» Your objective:
Please reproduce the listing word for word. Pictures stay out.

» Supplied data:
--- START ---

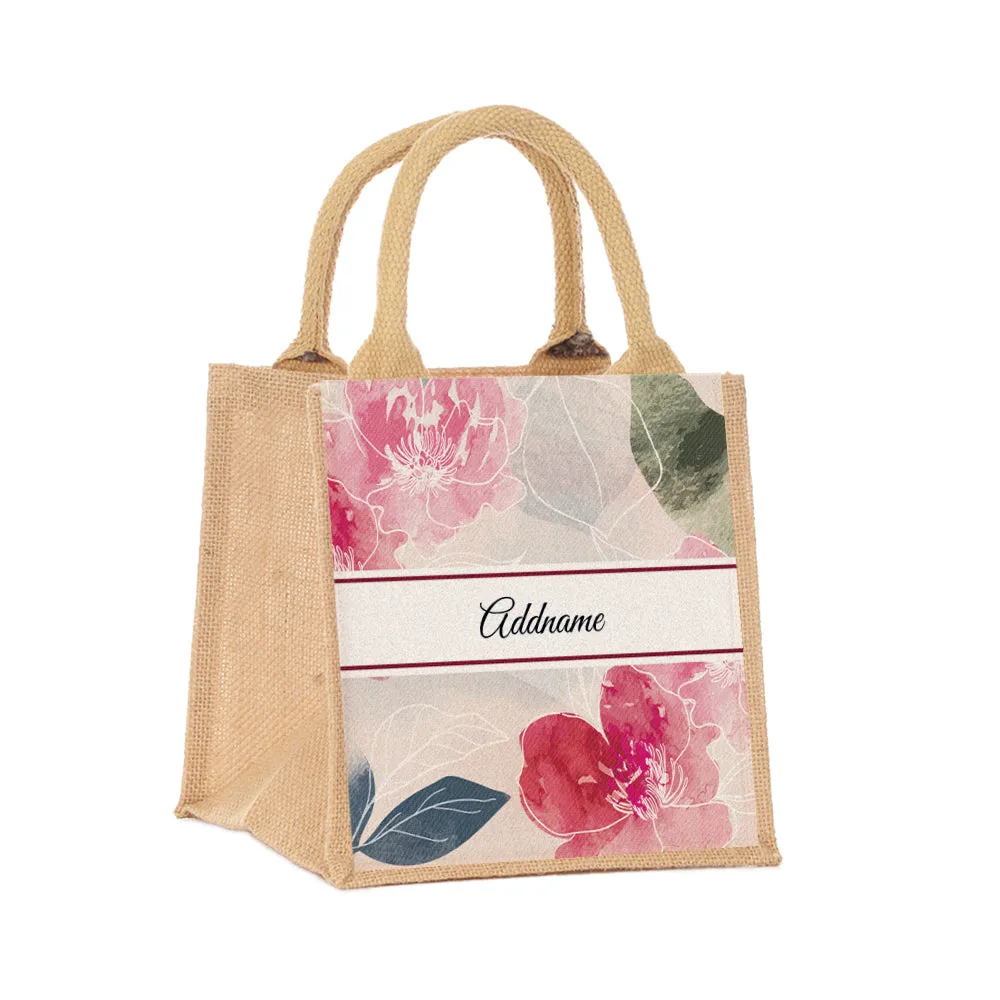 Floral Hues Flora Series Jute Tote Bag [FREE Custom Add Name]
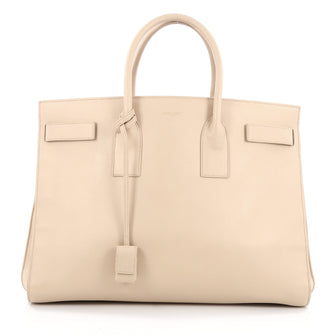 Saint Laurent Sac De Jour Handbag Leather Large Neutral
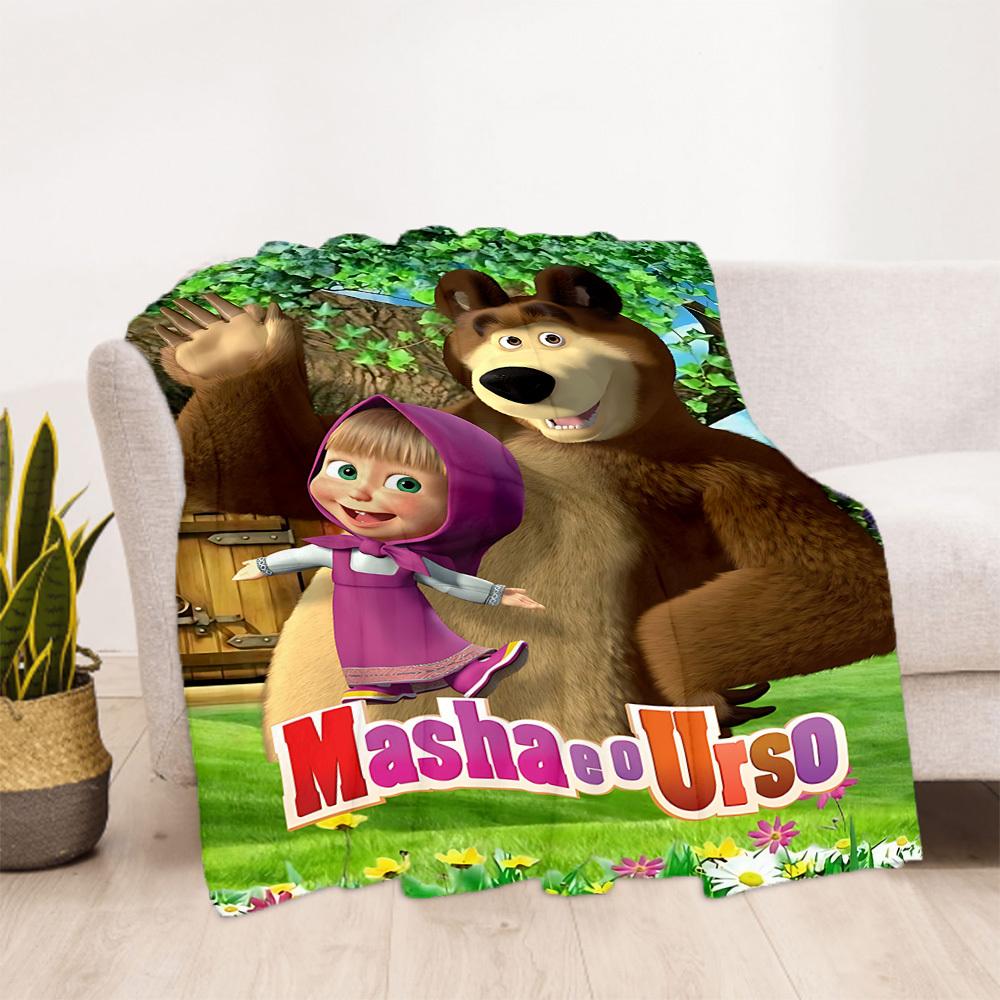 1pc Masha Bear Outdoor Blanket Lightweight Flannel, Soft & Warm, All-Season Use for Sofa, Outdoor, Camping, Living Room, Office137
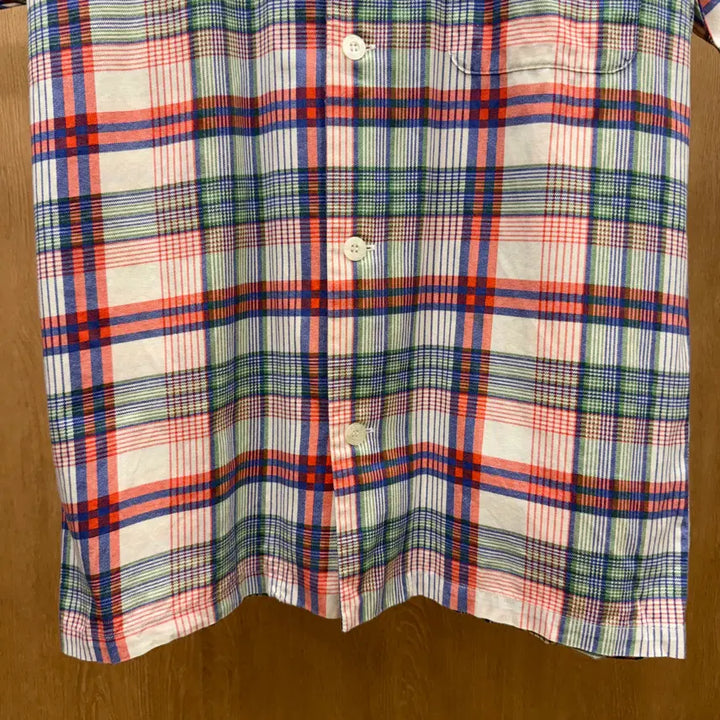 [BUNJANG] Moschino Chip &amp; Chic Checkered Short Sleeve Cotton Shirt / 모스키노 칩앤시크 체크 반팔 코튼 셔츠 언더웨어 라인 멀티 컬러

--- END ---

» Written response:
 Floral Hues Flora Series Jute Tote Bag [FREE Custom Add Name]
 Saint Laurent Sac De Jour Handbag Leather Large Neutral
 1pc Masha Bear Outdoor Blanket Lightweight Flannel, Soft & Warm, All-Season Use for Sofa, Outdoor, Camping, Living Room, Office137
 [BUNJANG] Moschino Chip &amp; Chic Checkered Short Sleeve Cotton Shirt / 모스키노 칩앤시크 체크 반팔 코튼 셔츠 언더웨어 라인 멀티 컬러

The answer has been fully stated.